▸ **WORK ORDER**
Your answer must hold only the lines below from the line containing "她家全屋大白牆，簡約又大方，電視牆做櫃子，飄窗改吧檯，真明智" through the line containing "Snapshot of justbarbie", each reproduced exactly.

Data excerpts:
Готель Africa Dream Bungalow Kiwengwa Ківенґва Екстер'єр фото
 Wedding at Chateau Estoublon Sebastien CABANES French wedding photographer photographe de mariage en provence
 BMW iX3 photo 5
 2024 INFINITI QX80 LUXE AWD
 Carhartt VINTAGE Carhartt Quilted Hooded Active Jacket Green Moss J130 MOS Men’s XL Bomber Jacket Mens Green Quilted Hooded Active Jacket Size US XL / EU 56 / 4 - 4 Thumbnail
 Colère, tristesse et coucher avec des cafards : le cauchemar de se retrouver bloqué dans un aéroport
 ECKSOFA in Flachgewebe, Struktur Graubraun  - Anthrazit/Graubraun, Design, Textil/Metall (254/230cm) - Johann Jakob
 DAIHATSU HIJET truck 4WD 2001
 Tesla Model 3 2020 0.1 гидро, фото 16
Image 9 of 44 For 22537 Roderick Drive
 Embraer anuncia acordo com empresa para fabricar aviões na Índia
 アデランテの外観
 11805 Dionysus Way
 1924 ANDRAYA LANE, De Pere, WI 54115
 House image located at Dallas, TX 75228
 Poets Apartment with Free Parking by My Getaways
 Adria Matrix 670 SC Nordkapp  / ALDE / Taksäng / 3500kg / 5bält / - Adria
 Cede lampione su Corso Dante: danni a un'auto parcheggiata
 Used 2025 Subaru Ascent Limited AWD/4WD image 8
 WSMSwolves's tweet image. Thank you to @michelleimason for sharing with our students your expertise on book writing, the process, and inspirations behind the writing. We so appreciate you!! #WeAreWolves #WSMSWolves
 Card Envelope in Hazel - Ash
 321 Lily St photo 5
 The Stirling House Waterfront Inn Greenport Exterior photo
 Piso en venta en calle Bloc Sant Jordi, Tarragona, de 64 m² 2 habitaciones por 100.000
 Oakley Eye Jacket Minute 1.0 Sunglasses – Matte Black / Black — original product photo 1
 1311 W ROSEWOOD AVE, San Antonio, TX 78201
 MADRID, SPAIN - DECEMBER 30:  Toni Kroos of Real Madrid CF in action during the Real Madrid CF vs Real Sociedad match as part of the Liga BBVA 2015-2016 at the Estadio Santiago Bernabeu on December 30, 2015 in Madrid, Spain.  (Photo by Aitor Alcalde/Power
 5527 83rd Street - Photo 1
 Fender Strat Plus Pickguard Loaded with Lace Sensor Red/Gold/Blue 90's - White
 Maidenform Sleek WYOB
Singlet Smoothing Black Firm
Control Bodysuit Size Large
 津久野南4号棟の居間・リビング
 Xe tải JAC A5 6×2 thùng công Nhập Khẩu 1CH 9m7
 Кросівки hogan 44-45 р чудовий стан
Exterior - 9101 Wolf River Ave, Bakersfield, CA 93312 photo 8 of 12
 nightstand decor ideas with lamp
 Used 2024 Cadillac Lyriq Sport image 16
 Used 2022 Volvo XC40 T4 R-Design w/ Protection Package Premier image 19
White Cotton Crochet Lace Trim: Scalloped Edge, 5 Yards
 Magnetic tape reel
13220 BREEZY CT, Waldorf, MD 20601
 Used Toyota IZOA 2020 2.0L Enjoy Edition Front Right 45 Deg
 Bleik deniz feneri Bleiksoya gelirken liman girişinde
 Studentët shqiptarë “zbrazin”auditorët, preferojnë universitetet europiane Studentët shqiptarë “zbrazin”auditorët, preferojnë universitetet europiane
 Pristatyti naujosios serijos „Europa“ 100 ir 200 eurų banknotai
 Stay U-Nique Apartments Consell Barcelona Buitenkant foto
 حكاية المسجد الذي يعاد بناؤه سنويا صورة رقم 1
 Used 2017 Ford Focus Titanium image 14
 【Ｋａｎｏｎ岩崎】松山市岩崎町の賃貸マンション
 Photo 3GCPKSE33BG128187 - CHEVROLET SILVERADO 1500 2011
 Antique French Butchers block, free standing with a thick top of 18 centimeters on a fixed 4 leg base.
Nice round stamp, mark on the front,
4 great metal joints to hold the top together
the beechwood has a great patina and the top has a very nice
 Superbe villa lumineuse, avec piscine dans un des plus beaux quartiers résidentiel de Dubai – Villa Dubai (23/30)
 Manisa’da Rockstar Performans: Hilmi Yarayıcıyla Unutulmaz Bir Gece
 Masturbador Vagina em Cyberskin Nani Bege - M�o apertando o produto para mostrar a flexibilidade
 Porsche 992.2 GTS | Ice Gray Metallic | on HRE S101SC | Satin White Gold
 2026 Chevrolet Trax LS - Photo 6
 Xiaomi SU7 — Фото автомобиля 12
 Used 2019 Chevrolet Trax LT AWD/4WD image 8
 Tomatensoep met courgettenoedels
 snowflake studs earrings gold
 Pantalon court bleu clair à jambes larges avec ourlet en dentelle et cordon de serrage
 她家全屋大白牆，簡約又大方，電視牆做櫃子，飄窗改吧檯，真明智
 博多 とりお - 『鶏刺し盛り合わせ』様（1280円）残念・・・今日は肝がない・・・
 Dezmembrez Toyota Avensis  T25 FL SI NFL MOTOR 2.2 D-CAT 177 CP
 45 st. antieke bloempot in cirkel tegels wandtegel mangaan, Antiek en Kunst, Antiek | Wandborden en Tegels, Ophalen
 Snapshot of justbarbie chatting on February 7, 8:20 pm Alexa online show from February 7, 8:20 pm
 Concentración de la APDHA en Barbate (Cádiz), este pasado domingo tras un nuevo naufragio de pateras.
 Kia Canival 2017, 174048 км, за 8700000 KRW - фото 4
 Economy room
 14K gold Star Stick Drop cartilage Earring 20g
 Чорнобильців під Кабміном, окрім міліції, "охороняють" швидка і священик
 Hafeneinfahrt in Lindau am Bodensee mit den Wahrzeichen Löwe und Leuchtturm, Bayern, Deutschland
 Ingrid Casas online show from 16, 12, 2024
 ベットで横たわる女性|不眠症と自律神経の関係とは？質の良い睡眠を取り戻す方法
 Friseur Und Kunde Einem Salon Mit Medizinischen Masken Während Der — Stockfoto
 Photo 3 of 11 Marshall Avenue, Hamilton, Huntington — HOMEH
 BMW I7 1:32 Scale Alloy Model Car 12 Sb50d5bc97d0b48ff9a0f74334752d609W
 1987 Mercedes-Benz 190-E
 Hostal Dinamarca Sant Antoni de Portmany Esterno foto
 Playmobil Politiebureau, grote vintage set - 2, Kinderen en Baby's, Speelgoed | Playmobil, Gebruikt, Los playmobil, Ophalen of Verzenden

▸ **SOLUTION BELOW**
 她家全屋大白牆，簡約又大方，電視牆做櫃子，飄窗改吧檯，真明智
 博多 とりお - 『鶏刺し盛り合わせ』様（1280円）残念・・・今日は肝がない・・・
 Dezmembrez Toyota Avensis  T25 FL SI NFL MOTOR 2.2 D-CAT 177 CP
 45 st. antieke bloempot in cirkel tegels wandtegel mangaan, Antiek en Kunst, Antiek | Wandborden en Tegels, Ophalen
 Snapshot of justbarbie chatting on February 7, 8:20 pm Alexa online show from February 7, 8:20 pm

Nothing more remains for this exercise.